For many young teens, it is the social freedoms that come with vaccination—like attending school or summer camps in person, and not needing to quarantine after a Covid-19 exposure—that are most exciting.

"I got a notification on my phone after English and I told my mom, I was like, 'Oh my gosh, we have to get an appointment really, really fast,'" says Nina Wallach, a 15-year-old Bellaire High School sophomore, to Shelley Childers at KTRK Houston. "I wasn't able to travel or volunteer or go to band camp last summer, so I'm really excited to do them this summer."

The FDA’s announcement follows a clinical trial of 2,260 young teens, which saw 18 cases of symptomatic Covid-19 in the group that did not receive the vaccine, and zero cases among kids who did get the Pfizer/BioNTech vaccine. Side effects were comparable in adolescents and people between 16 and 25 years old, with about 20 percent getting fevers after the vaccination, reports the New York Times.

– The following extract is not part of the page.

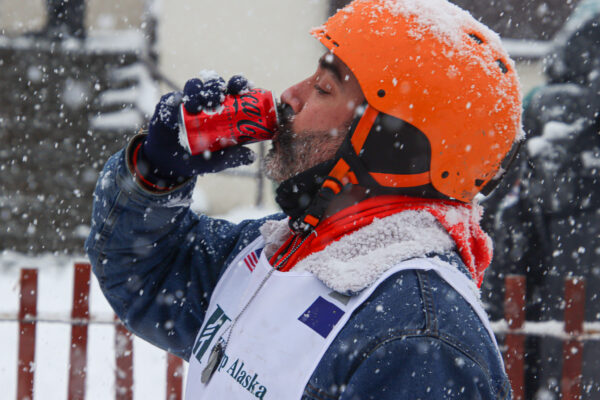 A man dressed in a denim jacket drinks a coke zero wearing an orange safety helmet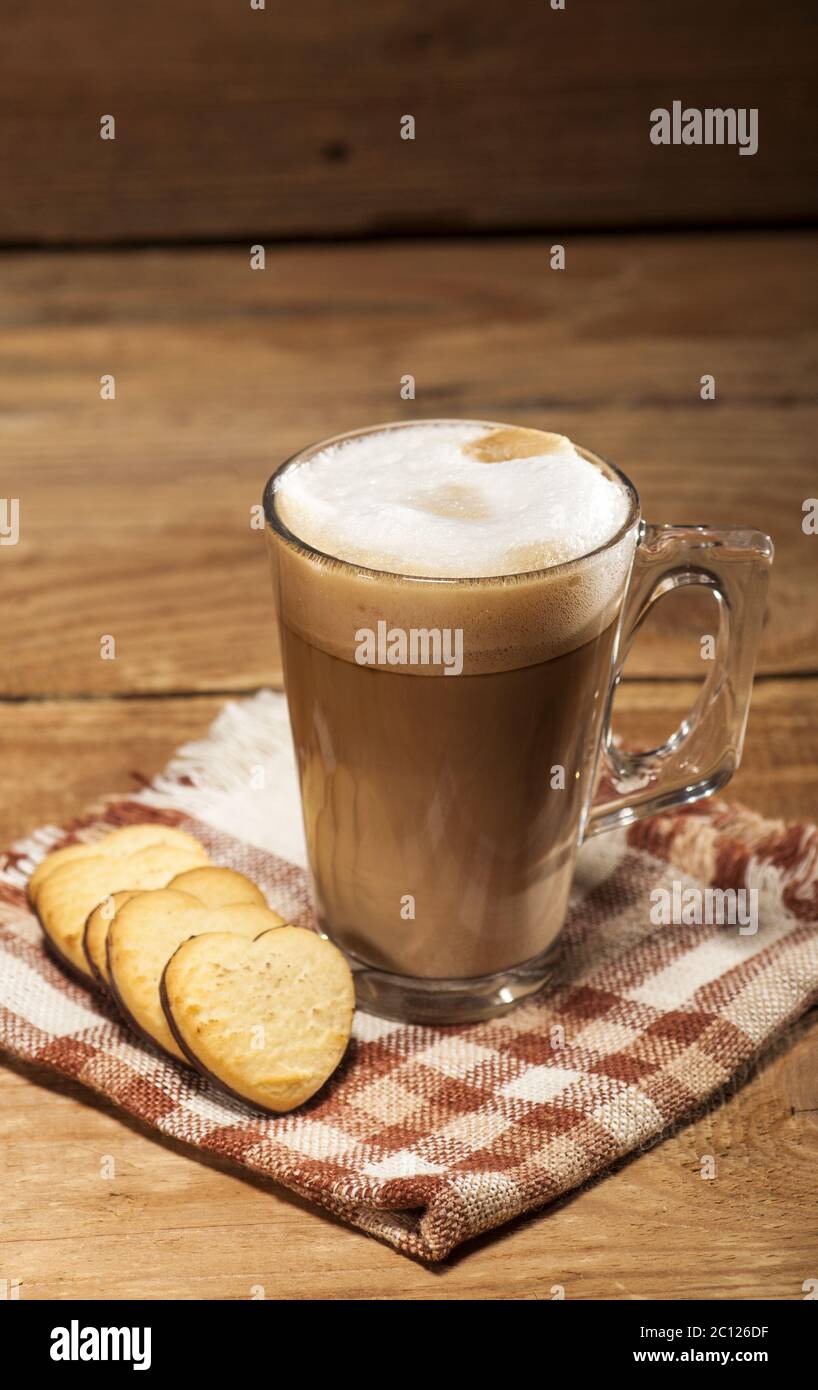 Tasse en verre avec café et biscuits en forme de coeur Banque D'Images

"These vaccines are eliciting an immune response that can cause some local reactions, [including] low-grade fevers and flu-like symptoms," says Stanford University infectious disease expert Yvonne Maldonado, who is also the chair of the Committee on Infectious Diseases for the American Academy of Pediatrics, to NPR. "But those are short-lived, and in the end, they provide an immune response for protection against disease."

The fact that side effects are slightly more common among adolescents tracks with observations made in earlier clinical trials, which showed that side effects were more common among people under 55 than older.

Pediatrician Bill Gruber, senior vice president at Pfizer, tells the New York Times that the new trial gave a “trifecta” of good results. “We have safety, we got the immune response we wanted — it was actually better than what we saw in the 16- to 25-year-old population — and we had outright demonstration of efficacy,” Gruber says.

Vaccinating children against Covid-19 will be key to protecting communities against outbreaks. UT Health and UT Physicians pediatric infectious disease specialist Michael Chang tells KTRK Houston that adolescents are as capable of transmitting the virus as older adults and they are more likely to participate in contact sports, choir and other activities where transmission is a major risk.

But because adolescents are less likely to have noticeable side effects, they could spread the disease without realizing it. So vaccinating kids "just makes it so much easier to assure that children are not being infected,” says Maldonado to NPR.

The next challenge will be getting the two-dose vaccine to adolescents before their summer activities or the next school year start. Public health departments have come up with plans like offering the shots with pop music and a selfie station, offering pop-up vaccination sites at amusement parks and camps, and driving a mobile vaccination truck around neighborhoods like an ice cream truck, Abby Goodnough and Jan Hoffman report for the New York Times.

The Biden administration also announced a plan to ship doses to 20,000 pharmacies and pediatricians directly. The administration also plans to include the Covid-19 vaccine with the normal course of summer vaccinations that children get before each school year, reports NPR. In some communities, it’s a race against the clock.

“We have a very finite amount of time,” says Anne Zink, Alaska’s chief medical officer, to the New York Times. “In Alaska, kids go to the wind as soon as summer hits, so our opportunity to get them is now.”